Your chain needs to be adjusted properly. Of course, your owner’s manual will have exact requirements for your bike, but the rule of thumb is about 1 to 1.5 inches of slack. But what does that mean and why is that important? Slack is how much the chain will move up and down freely at a point halfway between the two sprockets.
You need slack because as your swingarm moves up to compress for a bump, the chain gets tighter. When a chain is too tight, it will bind on the sprockets, causing quicker wear of both chain and sprockets. A tight chain will also, over time, ruin your countershaft and your countershaft seal (the seal around the shaft that carries the front sprocket) and may even bend the countershaft. Also, a tight chain is more likely to develop tight spots. Tight spots are portions of the chain that stretch at different rates and cause binding between links. So, why not just run the chain really loose? Well, too loose and the chain runs the risk of flying off the sprockets. Bad news! Also, too loose causes a lot of slop in the driveline. Example: twist the throttle, short delay, then lurching as the chain snaps tight, then loose until you are under heavy acceleration. Chain adjustments are very important, even though it may not be something you need to do very often.

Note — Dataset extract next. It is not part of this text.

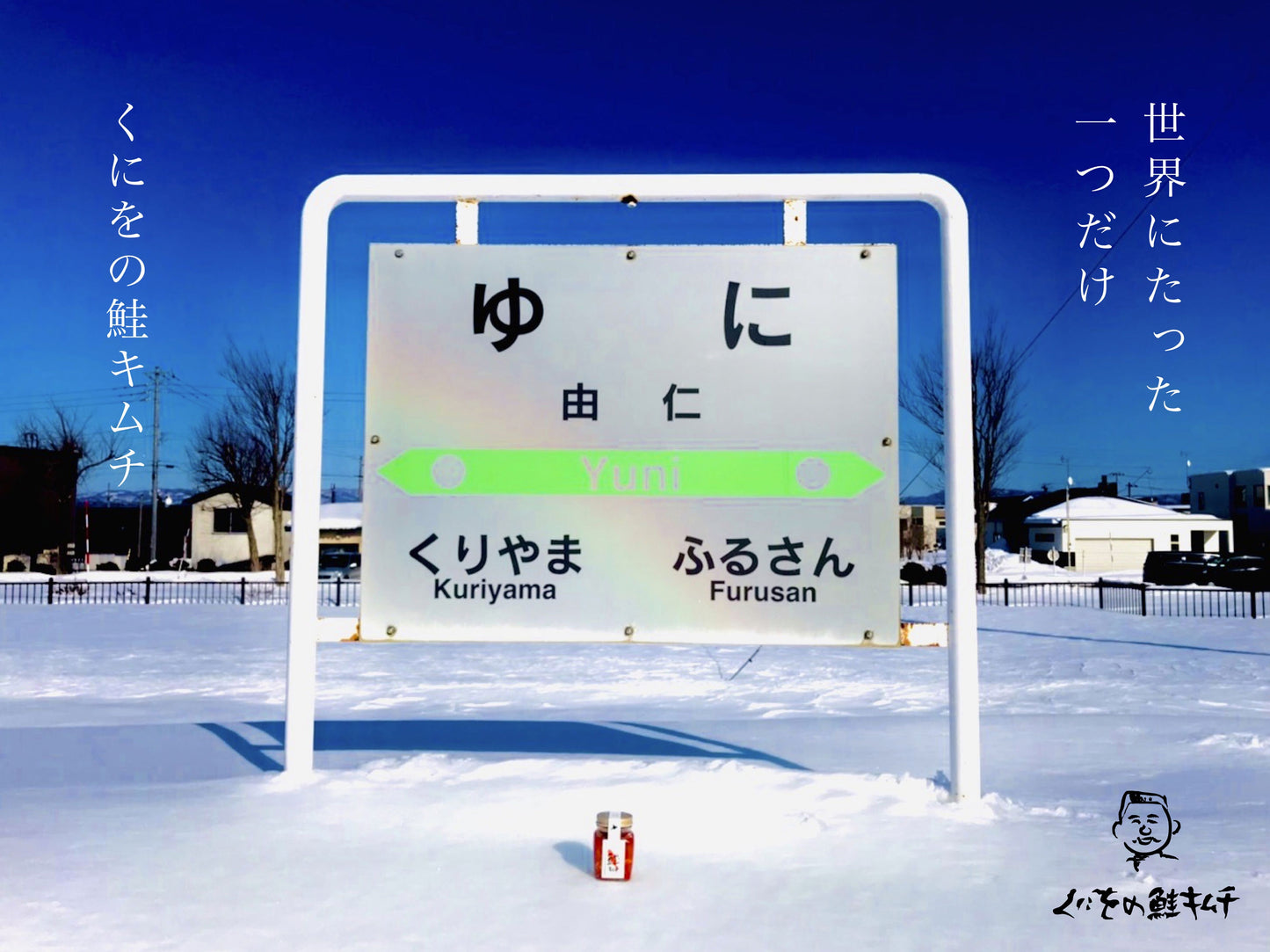 くにをの鮭キムチ× 三浦綾子記念文学館 コラボラベル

If your chain requires adjustment, your owner’s manual will have the information you need to tighten/loosen it as there are many different types of adjustment. You will probably need to start by loosening the axle to allow the wheel to move. Then you can turn the adjuster screws, ¼ turn at a time, until you reach the proper adjustment. I like to turn the left one, and then turn the right one the same distance to maintain wheel alignment.

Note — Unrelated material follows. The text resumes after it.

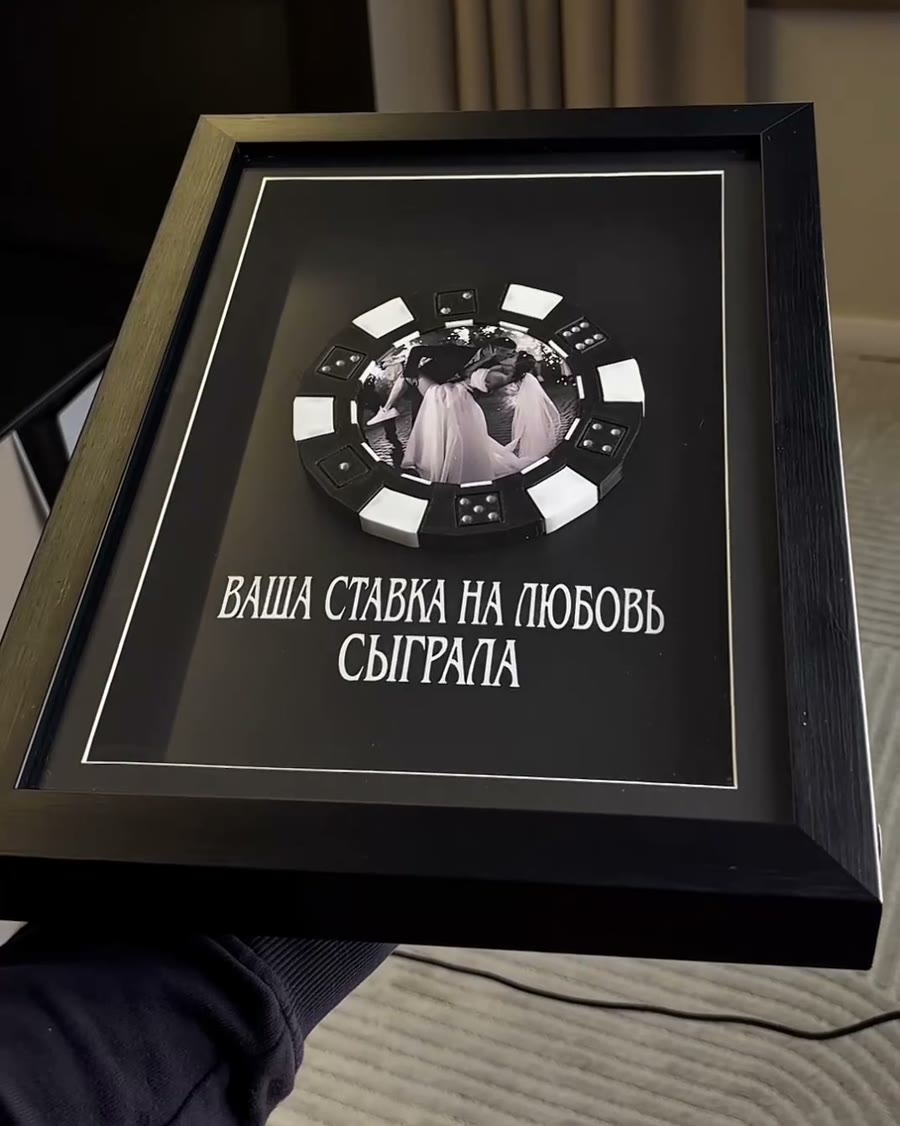 Рамка целиком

When you achieve proper slack, you need to make sure the wheel alignment is still correct. If the wheel is crooked in the swingarm, your chain and sprockets will wear really rapidly and you can even get into strange handling characteristics. There are two ways to measure alignment. You can grab a flexible tape measure (like what tailors use) and measure from the center of your axle to the center of the swingarm pivot. Or you can string your bike up. Stringing requires you to get a really long piece of string and wrap it around the front tire. Then pull the lengths of string back toward the rear wheel. You can then use your calibrated eyeball to compare the strings with the alignment of the wheels. If your wheel is out of alignment, it will be pretty obvious. I have had a lot of success using the tape measure method. I think it’s quicker and more accurate.
After you are confident with your alignment, tighten everything up and check the slack again. Many bikes will tighten chain slack when everything is snugged back down.